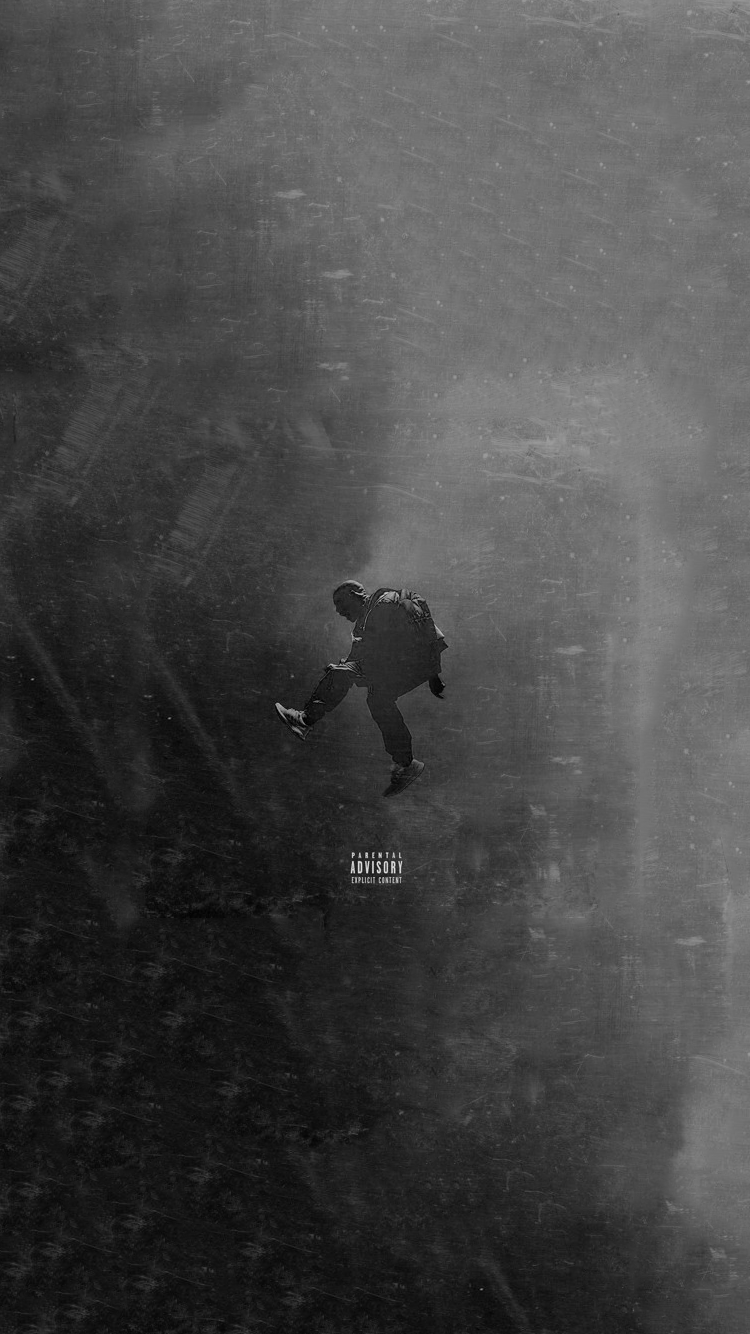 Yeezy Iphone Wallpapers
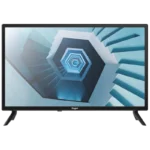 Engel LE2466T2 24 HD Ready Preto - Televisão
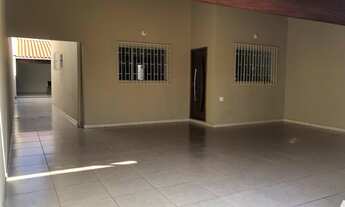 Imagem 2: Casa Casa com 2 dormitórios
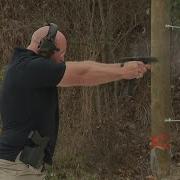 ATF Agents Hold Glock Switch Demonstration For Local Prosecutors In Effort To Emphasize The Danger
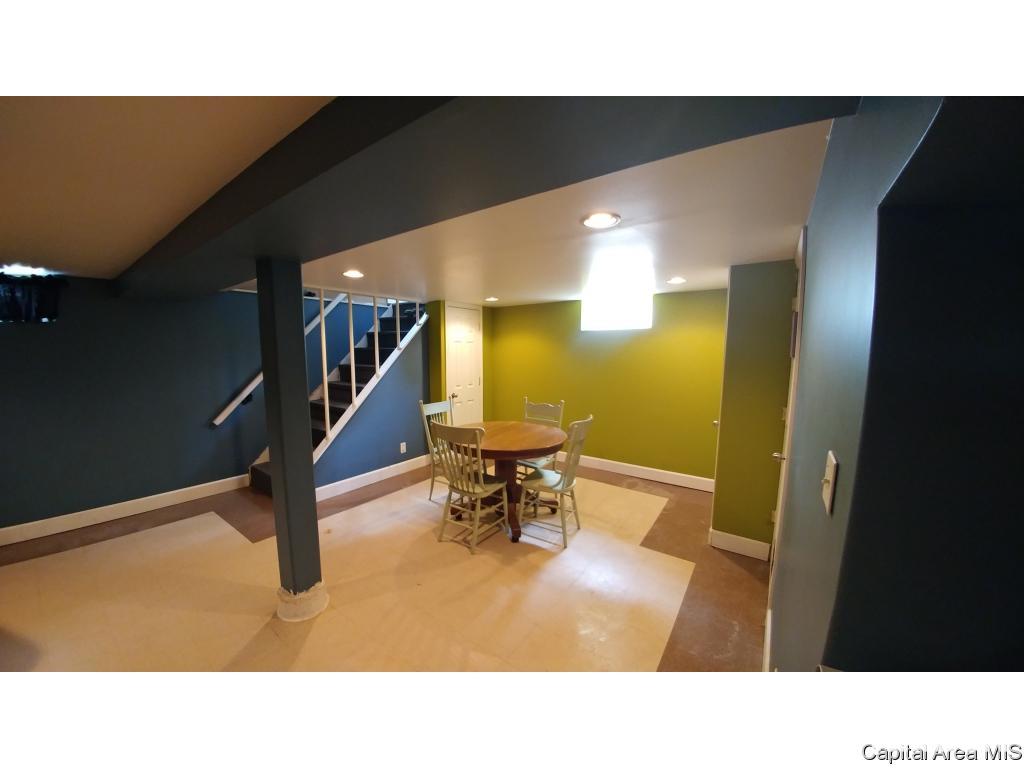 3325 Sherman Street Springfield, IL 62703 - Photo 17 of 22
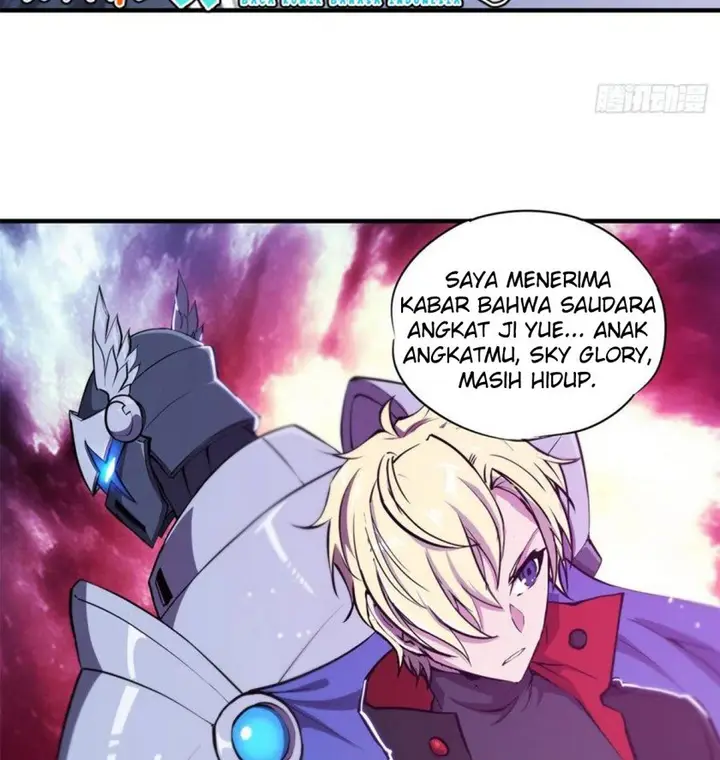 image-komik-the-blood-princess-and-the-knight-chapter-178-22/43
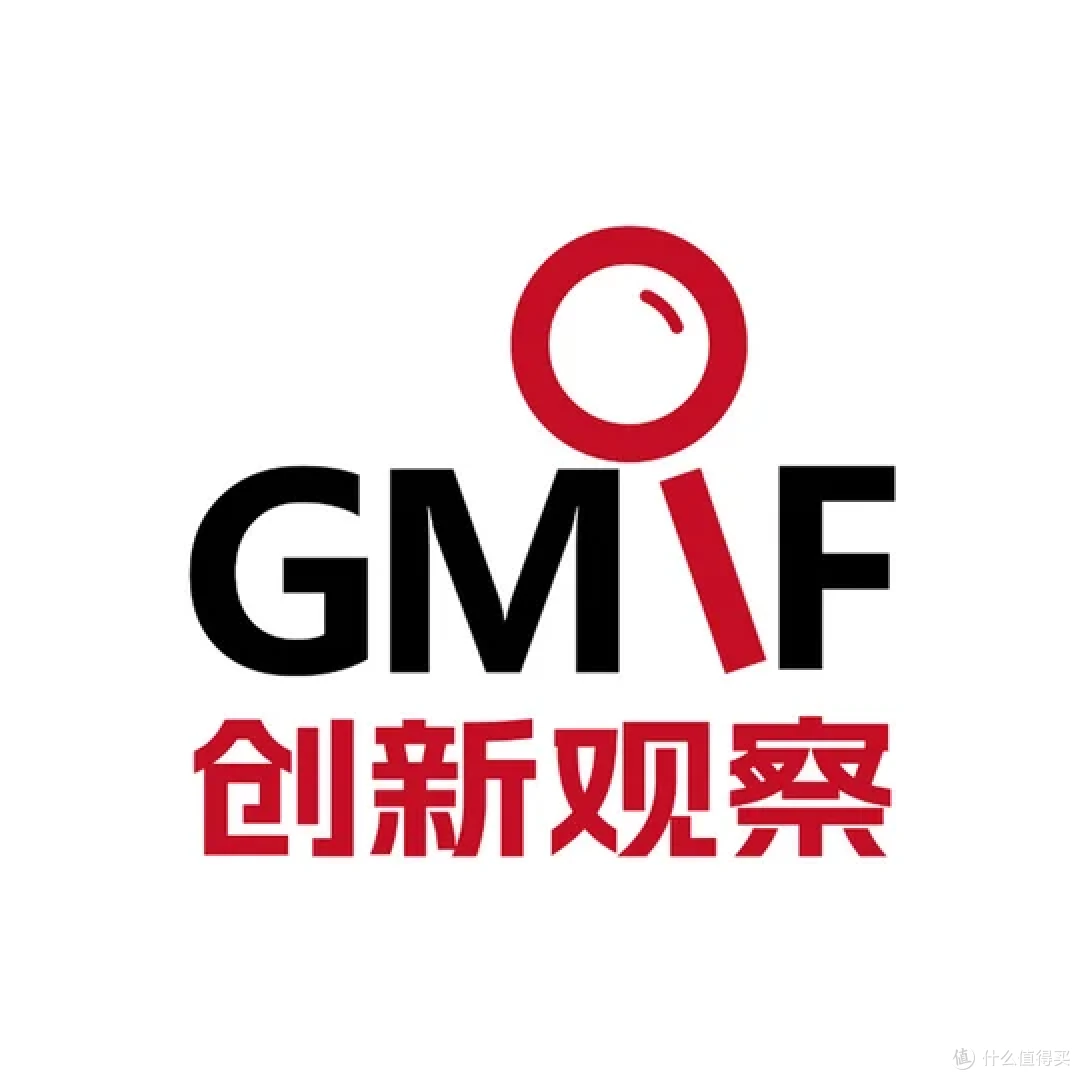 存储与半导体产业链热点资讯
_ _ _ _
■ **REQUIRED WORK**: Leaving the pictures out, copy exactly the lines from the line that contains "3325 Sherman Street" to the last line of the data, both ends included.

■ **EXERCISE RESULT**:
 3325 Sherman Street Springfield, IL 62703 - Photo 17 of 22
 image-komik-the-blood-princess-and-the-knight-chapter-178-22/43
 存储与半导体产业链热点资讯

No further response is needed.